> [DESCRIPTION OF THE TASK]
The entries are to be printed again word for word, but no picture may appear.

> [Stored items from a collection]
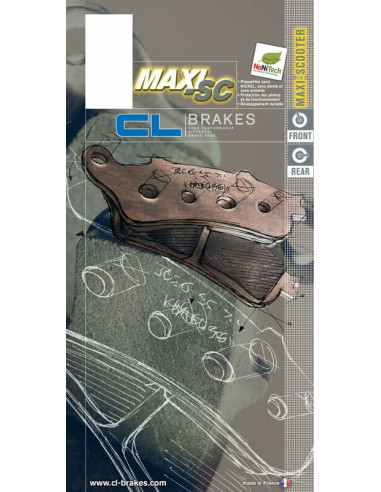Plaquettes de frein CL BRAKES Maxi Scooter métal fritté - 3028MSC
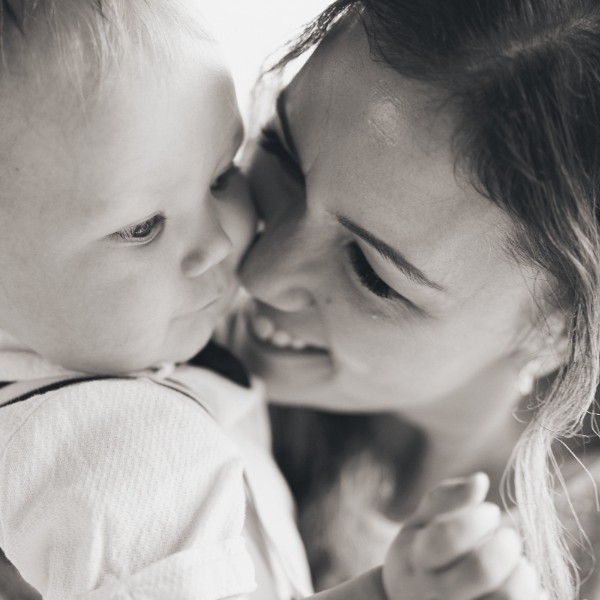 Bride & her little guy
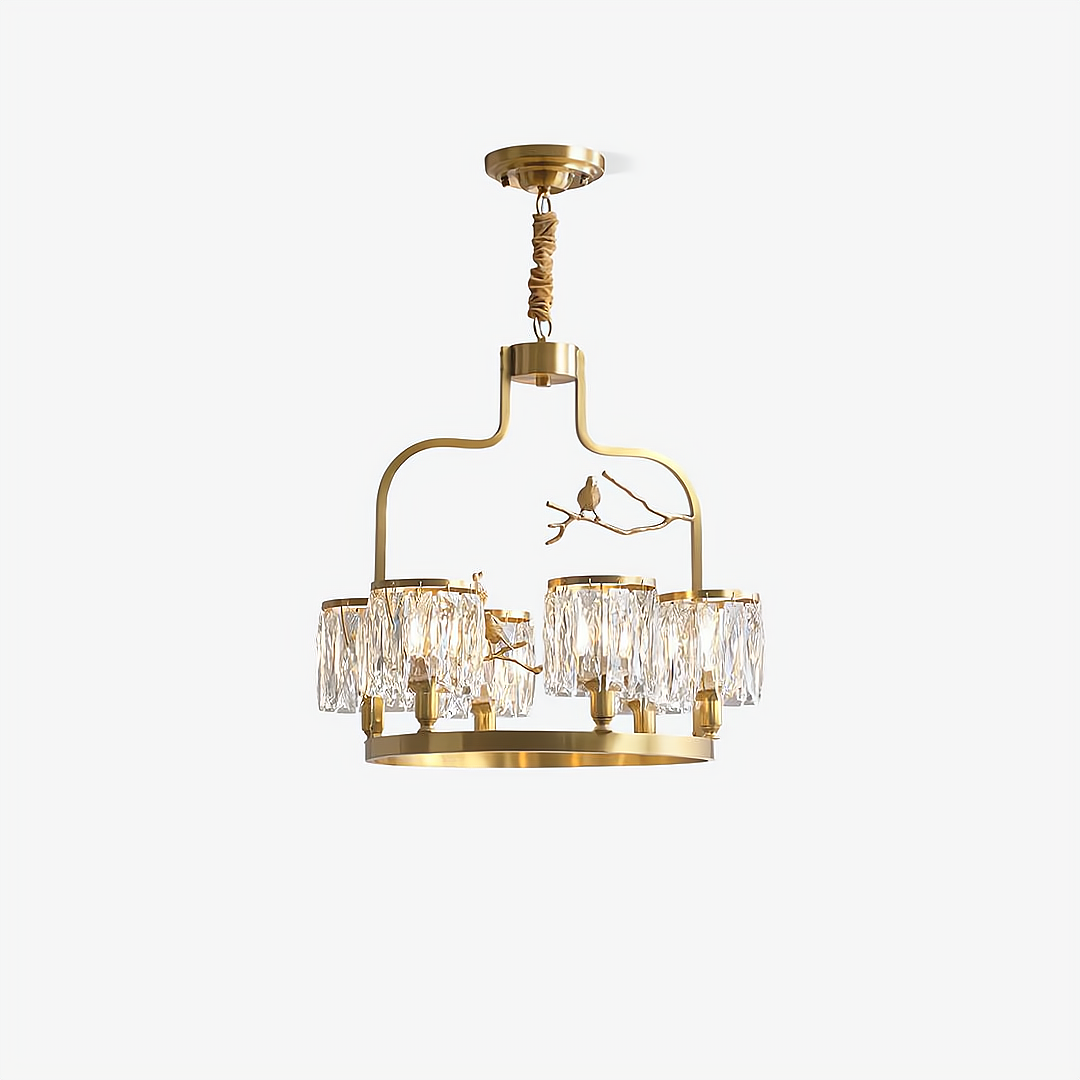Crystal Chandelier for Modern Spaces Elegant Ambient Lighting OpalDwell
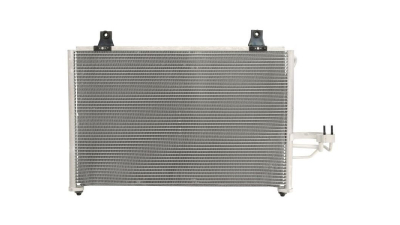 Condensator climatizare Kia Carens, 11.2000-07.2002, motor 1.8, 81 kw benzina, cutie manuala, full aluminiu brazat, 635(590)x390(375)x17 mm, fara filtru uscator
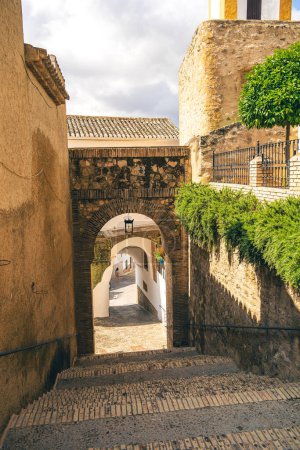 Photo for Scenic view of Town of Iznajar with ancient buildings at Cordoba, Spain - Royalty Free Image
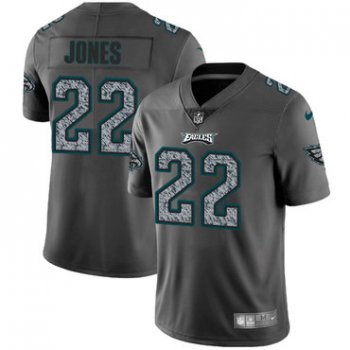Youth Nike Philadelphia Eagles #22 Sidney Jones Gray Static Stitched NFL Vapor Untouchable Limited Jersey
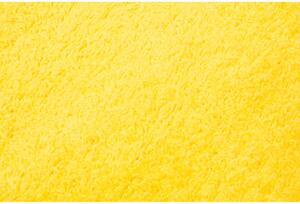 Kusový koberec shaggy čtverec Parba žlutý 160x160cm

> [RESPONSE AREA]
Plaquettes de frein CL BRAKES Maxi Scooter métal fritté - 3028MSC
 Bride & her little guy
Crystal Chandelier for Modern Spaces Elegant Ambient Lighting OpalDwell
 Condensator climatizare Kia Carens, 11.2000-07.2002, motor 1.8, 81 kw benzina, cutie manuala, full aluminiu brazat, 635(590)x390(375)x17 mm, fara filtru uscator
 Photo for Scenic view of Town of Iznajar with ancient buildings at Cordoba, Spain - Royalty Free Image
Youth Nike Philadelphia Eagles #22 Sidney Jones Gray Static Stitched NFL Vapor Untouchable Limited Jersey
 Kusový koberec shaggy čtverec Parba žlutý 160x160cm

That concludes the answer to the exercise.